Ах, подожди, не улетай зелёненький эйрбасик, я щас, я за семьёй… постой!

Дальше мы все устали и потушив кормовые огни, просто дрейфовали в этом море процентов, изредка, не смертельно  и не больно сталкивались, но  уже не затем, чтоб зацепить и потопить друг друга, а напротив, чтобы скорее зацепиться друг за другом, и уйти караваном в тёмную ширь океана жизни, в которой всё замерло теперь. Тосклива и глубока – эта яма «всеобщего позора и бесчестия», и даже сцепивши все наши якоря не достать до каменистого и пустынного дна, где Кусто его знает, какие ещё чудовища водятся.

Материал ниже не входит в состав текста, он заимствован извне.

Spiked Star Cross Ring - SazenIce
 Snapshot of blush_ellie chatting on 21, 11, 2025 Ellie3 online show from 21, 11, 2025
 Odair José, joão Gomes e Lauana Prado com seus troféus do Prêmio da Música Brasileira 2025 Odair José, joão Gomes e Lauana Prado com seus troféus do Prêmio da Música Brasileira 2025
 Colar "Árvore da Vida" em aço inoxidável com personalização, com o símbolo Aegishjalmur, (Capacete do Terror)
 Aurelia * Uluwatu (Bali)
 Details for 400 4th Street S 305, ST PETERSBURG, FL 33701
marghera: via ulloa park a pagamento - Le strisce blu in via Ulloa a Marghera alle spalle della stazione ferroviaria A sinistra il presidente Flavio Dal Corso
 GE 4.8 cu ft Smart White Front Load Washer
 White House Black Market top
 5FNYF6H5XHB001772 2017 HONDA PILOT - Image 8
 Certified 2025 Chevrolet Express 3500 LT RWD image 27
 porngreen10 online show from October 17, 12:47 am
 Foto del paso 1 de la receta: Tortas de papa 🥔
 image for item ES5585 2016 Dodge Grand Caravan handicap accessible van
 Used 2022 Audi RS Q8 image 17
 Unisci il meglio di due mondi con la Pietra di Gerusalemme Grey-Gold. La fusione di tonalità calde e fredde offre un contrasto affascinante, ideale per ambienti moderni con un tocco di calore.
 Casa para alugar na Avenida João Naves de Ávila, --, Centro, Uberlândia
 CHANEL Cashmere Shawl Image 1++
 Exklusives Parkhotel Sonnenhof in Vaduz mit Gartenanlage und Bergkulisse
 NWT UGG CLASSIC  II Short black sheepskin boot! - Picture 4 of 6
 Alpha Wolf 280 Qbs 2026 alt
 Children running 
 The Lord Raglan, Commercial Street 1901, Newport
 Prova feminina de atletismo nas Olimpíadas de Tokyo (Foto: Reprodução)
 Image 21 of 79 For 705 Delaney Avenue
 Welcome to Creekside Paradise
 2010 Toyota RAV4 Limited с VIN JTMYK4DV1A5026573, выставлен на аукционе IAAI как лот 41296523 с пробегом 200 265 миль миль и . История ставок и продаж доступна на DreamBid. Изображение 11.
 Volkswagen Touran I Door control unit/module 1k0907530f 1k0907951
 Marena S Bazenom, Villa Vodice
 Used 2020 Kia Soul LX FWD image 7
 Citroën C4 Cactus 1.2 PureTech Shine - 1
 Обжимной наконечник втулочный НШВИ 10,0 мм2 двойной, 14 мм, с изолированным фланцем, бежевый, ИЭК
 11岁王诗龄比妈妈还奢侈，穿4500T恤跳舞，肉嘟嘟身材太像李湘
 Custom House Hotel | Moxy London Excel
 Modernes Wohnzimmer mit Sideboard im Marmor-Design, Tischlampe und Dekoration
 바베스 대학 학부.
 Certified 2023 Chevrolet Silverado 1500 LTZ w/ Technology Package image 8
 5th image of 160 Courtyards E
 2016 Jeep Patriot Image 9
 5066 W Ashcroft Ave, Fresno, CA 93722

Нам страшно и темно. Но мы плывём. В безветрии.
И на последок утешимся, успокоив сердце, уж зная чем дело кончилось. И найдём утешение это, всё там же, где и вопросы, в любимых строках М.Булгакова, которыми он заканчивает роман "Белая Гвардия":
"Всё пройдёт. Страдания, муки, кровь, голод и мор. Меч исчезнет, а вот звёзды останутся, когда и тени наших тел и дел не останется на земле. Нет ни одного человека, который бы этого не знал. Так почему же мы не хотим обратить свой взгляд на них? ПОЧЕМУ?